List all lines of the data that include the string "фото".
RECORDS FOR THIS EXERCISE Start Marker
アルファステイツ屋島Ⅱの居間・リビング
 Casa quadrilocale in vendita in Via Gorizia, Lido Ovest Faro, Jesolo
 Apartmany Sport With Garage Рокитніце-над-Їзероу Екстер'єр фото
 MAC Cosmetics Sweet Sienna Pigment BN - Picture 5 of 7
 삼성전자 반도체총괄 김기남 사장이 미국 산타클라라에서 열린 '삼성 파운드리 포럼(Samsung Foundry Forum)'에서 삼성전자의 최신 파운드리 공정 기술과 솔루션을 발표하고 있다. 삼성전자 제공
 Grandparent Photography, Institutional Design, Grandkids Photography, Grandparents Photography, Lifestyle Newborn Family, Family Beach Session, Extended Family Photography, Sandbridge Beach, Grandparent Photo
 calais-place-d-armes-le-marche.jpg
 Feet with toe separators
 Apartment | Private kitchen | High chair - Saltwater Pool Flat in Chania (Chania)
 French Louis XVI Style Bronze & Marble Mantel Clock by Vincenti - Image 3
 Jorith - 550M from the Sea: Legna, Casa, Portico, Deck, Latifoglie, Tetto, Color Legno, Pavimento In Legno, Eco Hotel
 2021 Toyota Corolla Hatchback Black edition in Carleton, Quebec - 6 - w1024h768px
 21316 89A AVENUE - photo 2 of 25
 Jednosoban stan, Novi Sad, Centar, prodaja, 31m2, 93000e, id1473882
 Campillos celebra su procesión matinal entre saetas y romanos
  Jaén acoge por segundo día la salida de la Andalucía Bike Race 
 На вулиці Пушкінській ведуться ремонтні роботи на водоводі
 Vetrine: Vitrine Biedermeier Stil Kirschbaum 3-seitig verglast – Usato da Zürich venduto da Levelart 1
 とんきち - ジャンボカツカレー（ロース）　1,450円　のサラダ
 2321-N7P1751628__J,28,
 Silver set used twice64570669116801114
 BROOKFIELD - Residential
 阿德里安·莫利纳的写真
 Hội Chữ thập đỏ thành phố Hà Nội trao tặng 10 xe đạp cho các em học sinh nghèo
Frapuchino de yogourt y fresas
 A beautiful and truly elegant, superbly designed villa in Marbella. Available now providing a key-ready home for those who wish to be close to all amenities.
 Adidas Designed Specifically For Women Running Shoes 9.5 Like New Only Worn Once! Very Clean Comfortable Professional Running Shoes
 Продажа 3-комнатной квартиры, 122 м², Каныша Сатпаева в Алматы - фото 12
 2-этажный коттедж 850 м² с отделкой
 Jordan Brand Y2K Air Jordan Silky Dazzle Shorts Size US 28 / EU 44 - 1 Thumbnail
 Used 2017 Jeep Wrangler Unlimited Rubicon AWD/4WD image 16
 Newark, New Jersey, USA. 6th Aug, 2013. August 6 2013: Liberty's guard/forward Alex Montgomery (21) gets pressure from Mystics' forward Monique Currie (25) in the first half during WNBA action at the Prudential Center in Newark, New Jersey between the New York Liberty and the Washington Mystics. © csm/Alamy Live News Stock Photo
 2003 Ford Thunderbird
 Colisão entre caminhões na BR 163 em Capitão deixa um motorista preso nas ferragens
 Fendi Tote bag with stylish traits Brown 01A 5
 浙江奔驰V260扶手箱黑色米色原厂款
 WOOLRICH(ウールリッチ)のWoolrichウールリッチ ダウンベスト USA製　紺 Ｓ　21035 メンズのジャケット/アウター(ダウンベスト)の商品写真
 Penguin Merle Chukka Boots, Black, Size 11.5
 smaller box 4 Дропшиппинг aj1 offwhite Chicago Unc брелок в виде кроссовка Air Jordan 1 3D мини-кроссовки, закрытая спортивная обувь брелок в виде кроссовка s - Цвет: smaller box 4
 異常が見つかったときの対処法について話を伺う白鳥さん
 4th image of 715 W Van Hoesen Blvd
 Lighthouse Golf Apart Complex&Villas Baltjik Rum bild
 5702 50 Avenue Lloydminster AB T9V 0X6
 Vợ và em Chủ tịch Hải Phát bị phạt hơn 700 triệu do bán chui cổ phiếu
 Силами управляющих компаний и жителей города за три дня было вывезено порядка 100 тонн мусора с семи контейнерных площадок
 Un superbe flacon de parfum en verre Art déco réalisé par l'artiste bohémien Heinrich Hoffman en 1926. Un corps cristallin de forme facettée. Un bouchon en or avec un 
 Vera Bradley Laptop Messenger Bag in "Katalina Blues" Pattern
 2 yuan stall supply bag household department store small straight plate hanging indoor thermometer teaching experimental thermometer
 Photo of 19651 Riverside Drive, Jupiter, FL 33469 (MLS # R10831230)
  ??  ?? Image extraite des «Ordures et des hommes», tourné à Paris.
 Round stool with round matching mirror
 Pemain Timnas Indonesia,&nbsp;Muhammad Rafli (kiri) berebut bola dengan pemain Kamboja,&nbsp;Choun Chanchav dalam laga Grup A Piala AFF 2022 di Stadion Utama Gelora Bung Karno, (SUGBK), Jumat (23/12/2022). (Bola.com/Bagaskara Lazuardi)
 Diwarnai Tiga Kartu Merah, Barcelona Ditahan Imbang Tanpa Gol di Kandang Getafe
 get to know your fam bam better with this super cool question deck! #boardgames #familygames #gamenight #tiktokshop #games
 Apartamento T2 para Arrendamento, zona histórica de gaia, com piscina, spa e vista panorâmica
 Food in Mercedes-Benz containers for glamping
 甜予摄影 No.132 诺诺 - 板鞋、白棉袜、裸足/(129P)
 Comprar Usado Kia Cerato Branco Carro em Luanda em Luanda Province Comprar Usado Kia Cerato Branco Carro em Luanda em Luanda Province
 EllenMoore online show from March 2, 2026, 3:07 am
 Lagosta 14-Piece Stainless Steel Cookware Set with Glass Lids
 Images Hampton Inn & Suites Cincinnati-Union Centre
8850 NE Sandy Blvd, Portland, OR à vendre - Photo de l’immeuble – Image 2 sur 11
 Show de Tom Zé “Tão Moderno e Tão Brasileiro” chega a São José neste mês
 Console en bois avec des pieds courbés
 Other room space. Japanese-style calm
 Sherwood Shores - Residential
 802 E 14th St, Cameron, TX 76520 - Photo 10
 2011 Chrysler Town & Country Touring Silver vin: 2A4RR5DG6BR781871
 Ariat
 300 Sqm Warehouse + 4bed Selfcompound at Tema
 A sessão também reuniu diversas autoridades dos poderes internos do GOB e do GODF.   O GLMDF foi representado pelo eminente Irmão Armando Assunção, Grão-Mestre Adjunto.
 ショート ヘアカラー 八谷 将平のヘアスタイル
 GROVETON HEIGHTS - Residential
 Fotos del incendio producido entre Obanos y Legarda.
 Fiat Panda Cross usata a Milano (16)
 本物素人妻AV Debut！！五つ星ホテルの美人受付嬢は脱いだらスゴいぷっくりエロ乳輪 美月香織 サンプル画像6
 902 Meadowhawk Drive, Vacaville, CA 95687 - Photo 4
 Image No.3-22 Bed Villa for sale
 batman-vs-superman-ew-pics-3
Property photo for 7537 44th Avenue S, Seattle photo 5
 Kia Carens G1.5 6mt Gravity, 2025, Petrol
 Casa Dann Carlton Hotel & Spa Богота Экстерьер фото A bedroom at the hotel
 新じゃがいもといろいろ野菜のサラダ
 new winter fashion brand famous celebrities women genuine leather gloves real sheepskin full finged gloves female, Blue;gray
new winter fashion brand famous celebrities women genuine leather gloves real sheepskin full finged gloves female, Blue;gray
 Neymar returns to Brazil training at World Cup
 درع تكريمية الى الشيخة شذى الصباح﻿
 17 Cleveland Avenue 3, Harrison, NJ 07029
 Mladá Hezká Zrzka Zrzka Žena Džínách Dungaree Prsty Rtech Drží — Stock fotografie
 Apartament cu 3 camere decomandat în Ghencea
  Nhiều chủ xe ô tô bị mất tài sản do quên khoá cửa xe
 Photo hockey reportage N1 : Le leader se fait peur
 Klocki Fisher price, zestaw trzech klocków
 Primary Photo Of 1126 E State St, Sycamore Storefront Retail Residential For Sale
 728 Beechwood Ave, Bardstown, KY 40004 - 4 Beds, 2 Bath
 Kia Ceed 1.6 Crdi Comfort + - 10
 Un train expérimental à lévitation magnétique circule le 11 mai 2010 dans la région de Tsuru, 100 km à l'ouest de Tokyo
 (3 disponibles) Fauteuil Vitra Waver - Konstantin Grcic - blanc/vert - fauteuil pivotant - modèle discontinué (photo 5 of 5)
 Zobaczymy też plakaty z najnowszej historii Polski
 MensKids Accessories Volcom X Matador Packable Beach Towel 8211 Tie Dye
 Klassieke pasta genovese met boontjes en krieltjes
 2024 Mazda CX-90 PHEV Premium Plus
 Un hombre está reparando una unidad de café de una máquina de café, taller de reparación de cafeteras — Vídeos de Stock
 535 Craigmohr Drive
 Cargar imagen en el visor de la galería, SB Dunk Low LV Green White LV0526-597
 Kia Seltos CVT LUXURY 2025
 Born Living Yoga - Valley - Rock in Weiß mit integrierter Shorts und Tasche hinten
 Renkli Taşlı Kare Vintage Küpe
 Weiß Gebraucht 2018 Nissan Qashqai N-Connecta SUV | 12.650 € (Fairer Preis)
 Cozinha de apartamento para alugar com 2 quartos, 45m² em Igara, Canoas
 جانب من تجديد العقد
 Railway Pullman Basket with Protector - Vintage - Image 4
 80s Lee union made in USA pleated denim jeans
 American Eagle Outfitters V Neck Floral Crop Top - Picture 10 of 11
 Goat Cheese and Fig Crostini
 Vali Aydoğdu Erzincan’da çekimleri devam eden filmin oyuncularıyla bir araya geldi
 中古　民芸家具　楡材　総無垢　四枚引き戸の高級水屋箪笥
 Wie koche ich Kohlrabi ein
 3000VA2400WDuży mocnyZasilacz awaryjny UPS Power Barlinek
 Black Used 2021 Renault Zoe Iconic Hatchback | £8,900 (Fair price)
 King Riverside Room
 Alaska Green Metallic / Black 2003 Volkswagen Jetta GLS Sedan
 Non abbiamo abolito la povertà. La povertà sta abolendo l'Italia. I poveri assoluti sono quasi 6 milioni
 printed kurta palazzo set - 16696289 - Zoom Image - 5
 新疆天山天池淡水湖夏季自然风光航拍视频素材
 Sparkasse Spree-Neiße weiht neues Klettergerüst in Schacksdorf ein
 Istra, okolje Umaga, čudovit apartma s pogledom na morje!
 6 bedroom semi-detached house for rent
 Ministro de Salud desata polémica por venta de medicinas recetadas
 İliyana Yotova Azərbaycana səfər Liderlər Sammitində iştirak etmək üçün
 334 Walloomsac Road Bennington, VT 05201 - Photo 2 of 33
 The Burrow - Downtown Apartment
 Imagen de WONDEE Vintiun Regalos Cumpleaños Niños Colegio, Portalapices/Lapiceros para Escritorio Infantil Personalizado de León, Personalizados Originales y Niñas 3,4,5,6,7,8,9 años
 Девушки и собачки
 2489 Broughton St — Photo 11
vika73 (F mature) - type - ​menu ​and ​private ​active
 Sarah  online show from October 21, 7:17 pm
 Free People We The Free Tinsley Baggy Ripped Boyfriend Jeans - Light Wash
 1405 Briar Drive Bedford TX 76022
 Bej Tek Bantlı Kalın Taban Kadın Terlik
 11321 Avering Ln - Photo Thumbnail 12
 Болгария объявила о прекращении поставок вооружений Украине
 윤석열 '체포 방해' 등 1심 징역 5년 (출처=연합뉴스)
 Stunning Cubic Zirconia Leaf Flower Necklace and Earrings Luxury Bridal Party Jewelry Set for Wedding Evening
RECORDS FOR THIS EXERCISE End Marker
RESULT BELOW
 Apartmany Sport With Garage Рокитніце-над-Їзероу Екстер'єр фото
 Продажа 3-комнатной квартиры, 122 м², Каныша Сатпаева в Алматы - фото 12
 Casa Dann Carlton Hotel & Spa Богота Экстерьер фото A bedroom at the hotel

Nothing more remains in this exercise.